Feeling a bit lost and alone

I have a feeling that this post is going to be incredibly negative so please feel free to close the page. I’m only writing about how I’ve been feeling recently as I’ve always tried to be honest and open as a blogger.

Contemplating life

I always try to be positive as a person. Unfortunately, recent events have left me feeling a bit lost and completely alone. I’m 38 and should be able to cope with all the crap in my life, but for some reason, I can’t. I feel like my life is completely out of control at the moment and I don’t like it.

Last month, my close friend and mentor was diagnosed with a rare form of cancer. Although I’ve kept in contact with him via text messages and emails, he’s rarely able to speak to me and I doubt that I’ll get the opportunity to see him again. I’m going to sound incredibly selfish, but I miss having someone sensible to talk to, having someone to turn to for advice and having someone who always made me laugh.

I just want the opportunity to say ‘thank-you’ and ‘goodbye’.

After sending off dozens of applications and attending several interviews, I was finally offered a 12-month temporary assignment doing a similar job to my previous job. I’m aware that I should be thrilled that someone has been prepared to ‘take a chance’ on me and to offer me a job. However, I haven’t worked in an office environment for several years and whenever I think about having to relocate, find somewhere to live etc I start to feel myself getting stressed out.

I’ve got so much respect for people who are brave enough to relocate to a completely different country. I’m 38, and at the moment the prospect of moving the relatively short distance from Birmingham to Oxford is giving me anxiety attacks.

I know that I should be pleased I’ve got the opportunity to make a fresh start, to meet new people and to (hopefully) make new friends. Unfortunately, at the moment I’m scared that I won’t be able to cope with the job, won’t make any friends and will end up returning home after a couple of months.

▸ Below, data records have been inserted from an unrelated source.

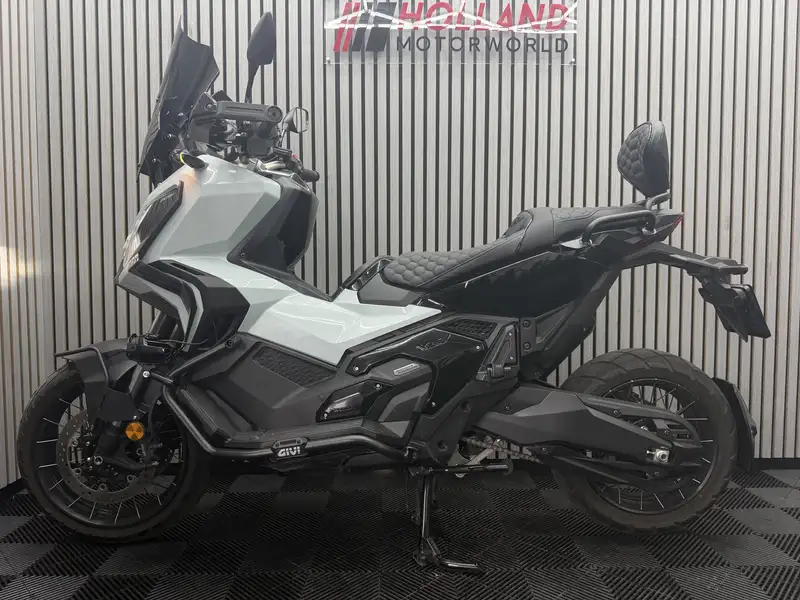 Honda X-ADV 750 - foto 3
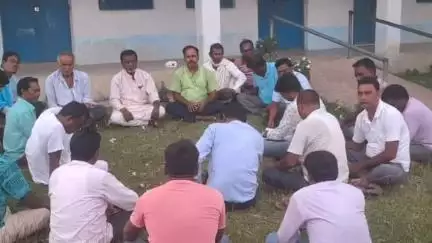 কাশীপুর: তৃণমূল কংগ্রেসের সাংগঠনিক বৈঠক ও হুল দিবস এর আগাম প্রস্তুতি সভা কাশীপুরের বিভিন্ন বুথে বুথে,উপস্থিত ব্লক সভাপতি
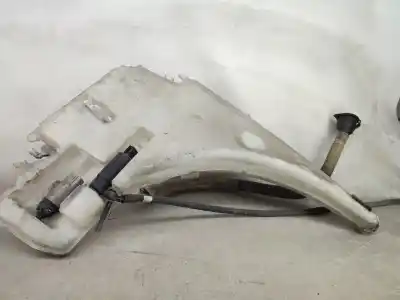 Second-hand car spare part windscreen washer bottle for bmw 3 (e90) 320 d oem iam references 7124231  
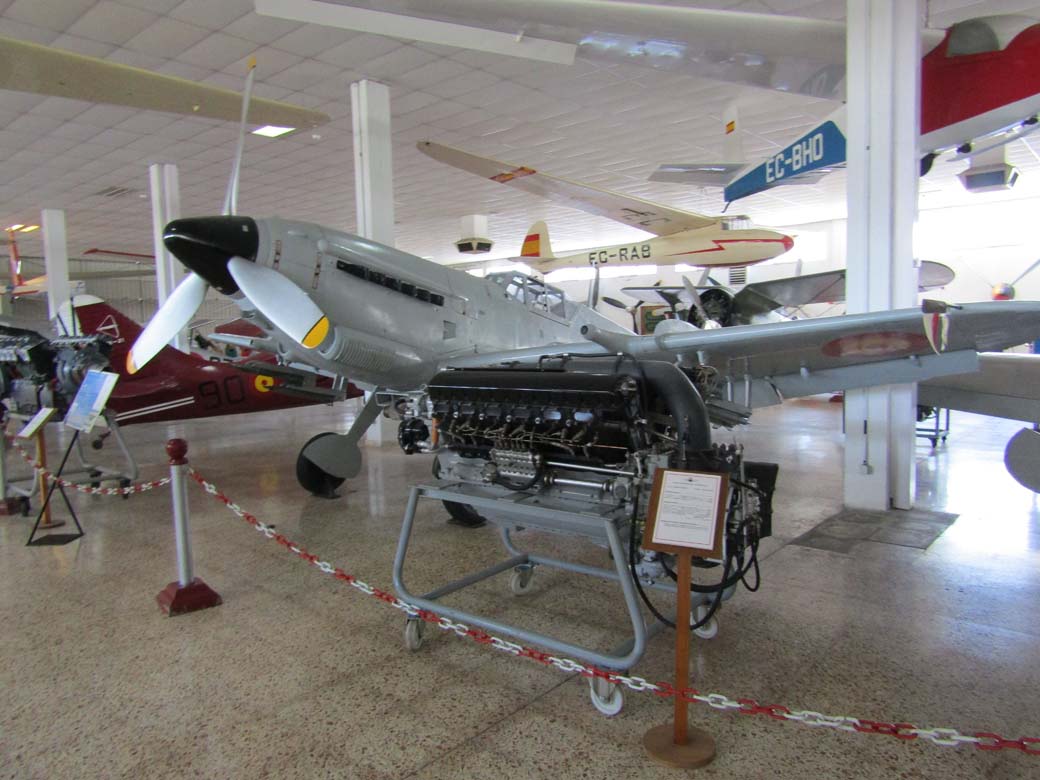 HA 1112 tripala, con motor basado en el DB605, fabricado por Hispano Aviación.
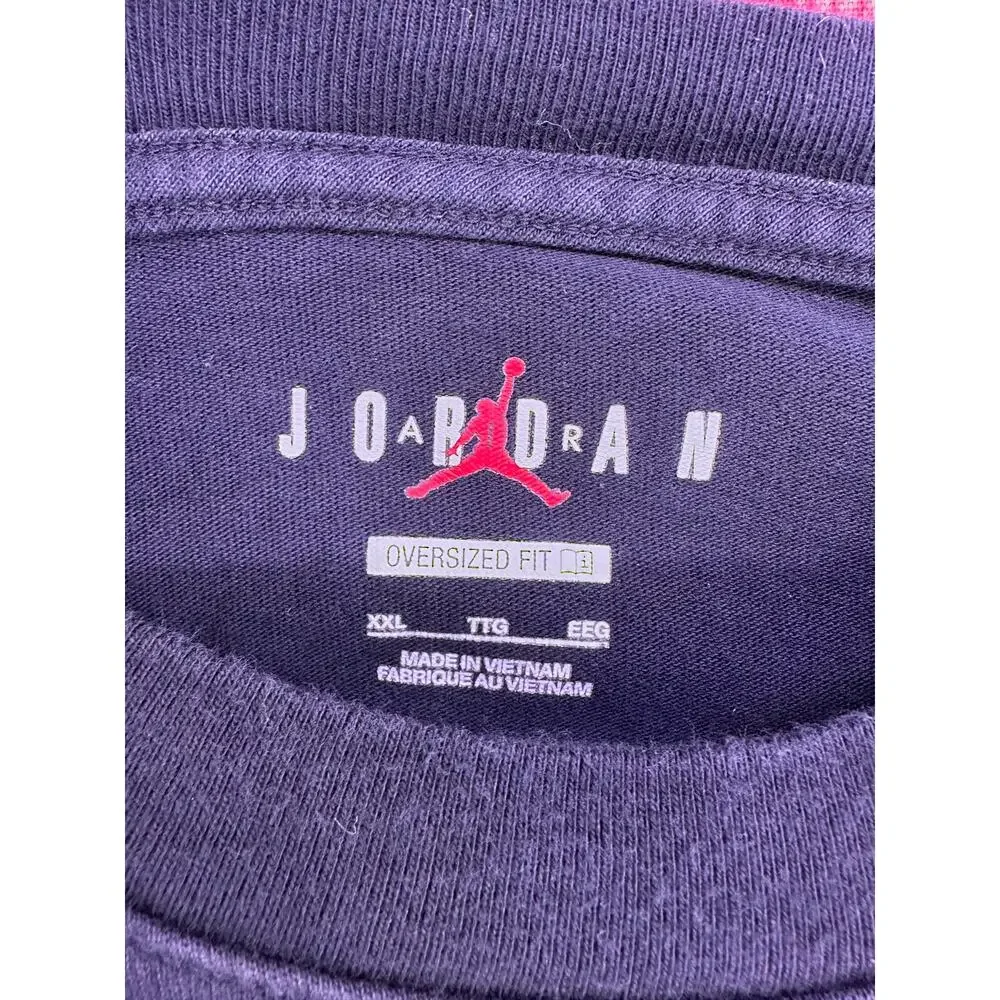 Jordan Black Tshirt White Embroidered Logo Size 2XL
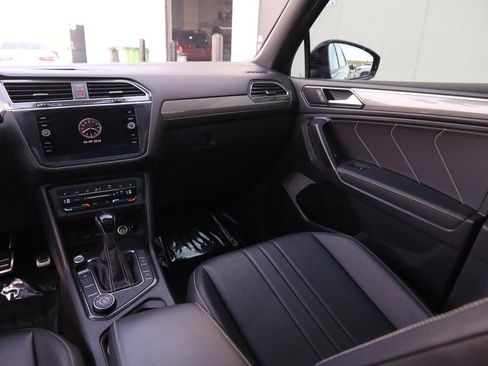 Used 2022 Volkswagen Tiguan SE R-Line image 26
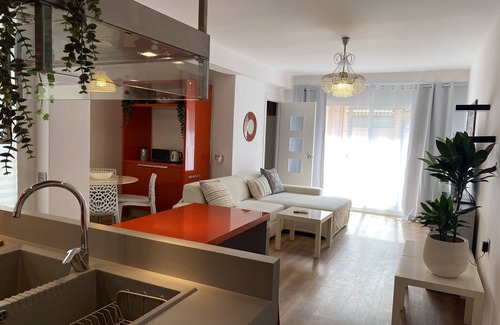 Poblats Maritims Condo | COMFORTABLE APARTMENT WITH WIFI, BETWEEN CITY OF ARTS AND BEACHES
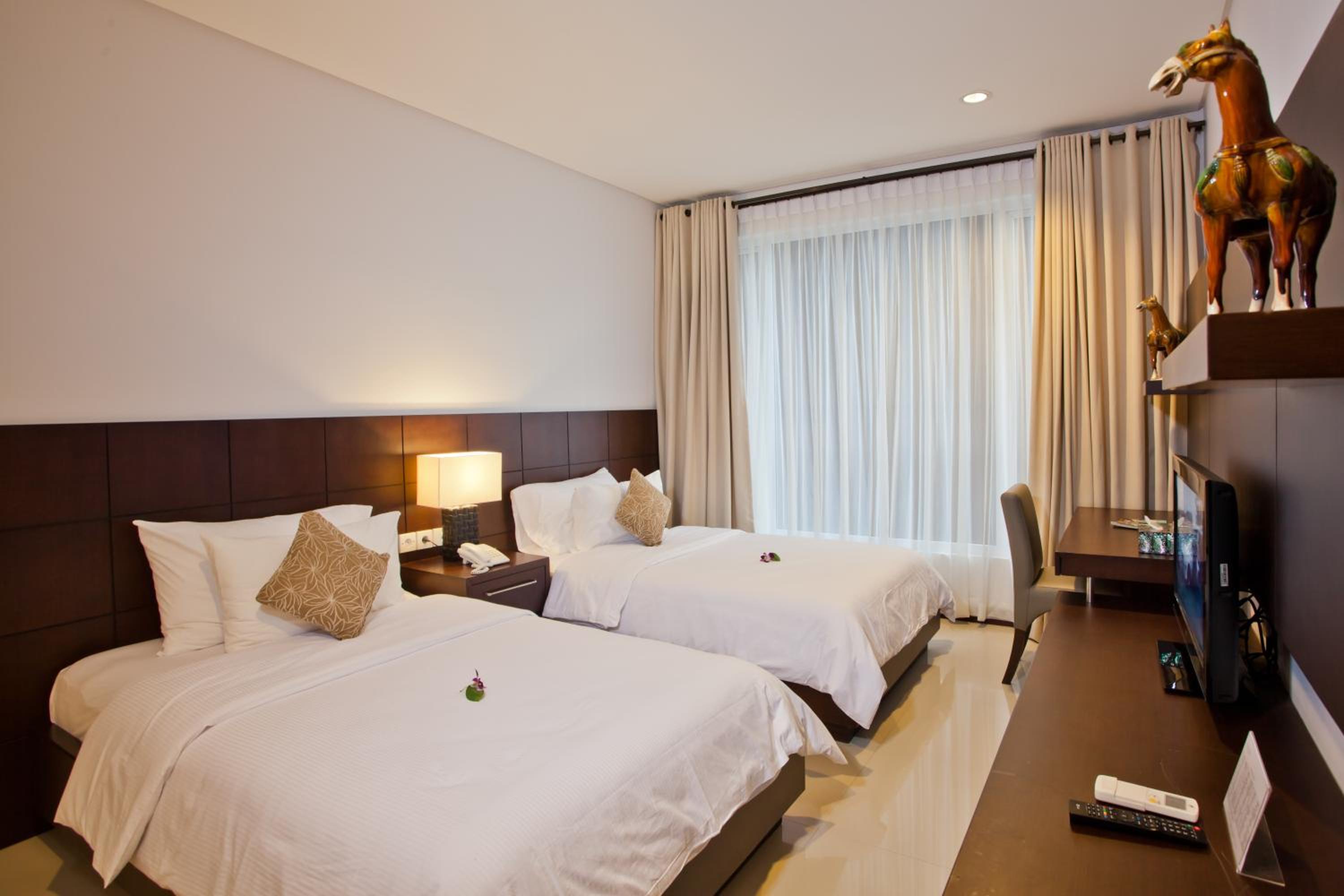 Royal Three-Bedroom Villa with Private Pool - Photo 6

The festive period is already starting to stress me out and it’s only November. I’m completely skint and have no money to spend on Christmas presents for my friends and family. The fact that it’s my own fault for spending four years doing a PhD and another two years searching for jobs makes me feel terrible. I feel like I’ve let people down.

Finally, I’m 38 and single and I feel completely alone. I’m scared that I’ll be left on the shelf forever and will end up living alone with only cats for company. My mentor used to tell me that he knew loads of people who were “single by choice” and were “perfectly happy” living alone. However, I’m not single by choice and I’m starting to hate living on my own. The vast majority of my friends either live miles away or are married, have children and rarely have the time for a ‘girls’ night out’.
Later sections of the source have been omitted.